Whichever one it was, hydrogen had the power to bring Earth to its knees. And it could happen again.

"It's unannounced stealth nastiness," Peter Ward, professor of biology and paleontology at the University of Washington, declared by phone to AlterNet. "My new book ends with a hydrogen sulfide extinction."

That book, The Medea Hypothesis, posits not one but five hydrogen sulfide extinction events, including the Great Dying, throughout Earth's history.

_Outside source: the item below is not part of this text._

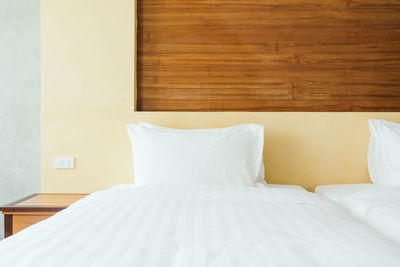 Pillows on bed at home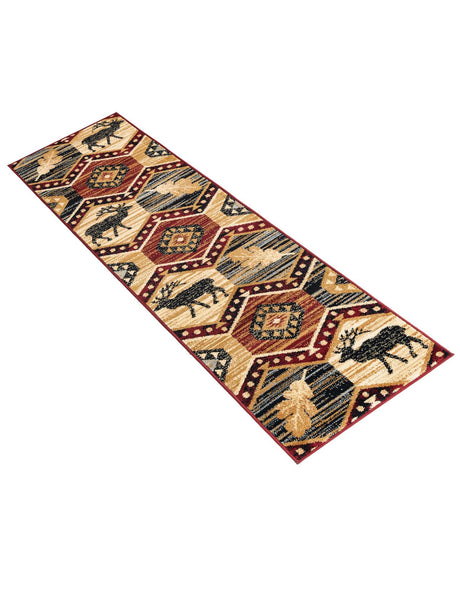 Multicolor 2' x 8' Pioneer Runner Area Rug Classic Southwestern Motif Durable Stain Resistant Easy Clean Carpet for Traditional Interior Decor for Sale at Rug Engine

Going further, it flips the Gaia hypothesis on its head by suggesting -- with increasing persuasion, given our current climate crisis of too much carbon dioxide in the air and too little oxygen in the oceans -- that Earth is not seeking an optimal physical and chemical environment for its life.

In fact, Ward argues, its multicellular life is actually suicidal in nature, whose doom will eventually return Earth to the microbes that have dominated most of its history.

Although the truth probably lies somewhere between Gaia and Medea, Ward seems to be right about one thing: Hydrogen sulfide is an unheralded executioner.

"If ancient volcanism raised CO2 and lowered the amount of oxygen in the atmosphere, and global warming made it more difficult for the remaining oxygen to penetrate the oceans, conditions would have become amenable for the deep-sea anaerobic bacteria to generate massive upwellings of hydrogen sulfide," Ward wrote in a Scientific American clarion call titled "Impact from the Deep."Virtually no form of life on the earth was safe."

Ward -- who has also written the books Under a Green Sky: Global Warming, the Mass Extinctions of the Past, and What They Can Tell Us About Our Future; Rare Earth: Why Complex Life is Uncommon in the Universe; and the forthcoming Our Flooded World -- concludes his Scientific American piece with the obvious question: Could it happen again?

All the pieces seem to be moving into place. Global warming is a runaway train, carbon dioxide levels are exponentially rising, and oceans are subsequently losing oxygen. There are even hydrogen sulfide blooms being found in Namibia and other places where industrial pollution is spilling waste into the water.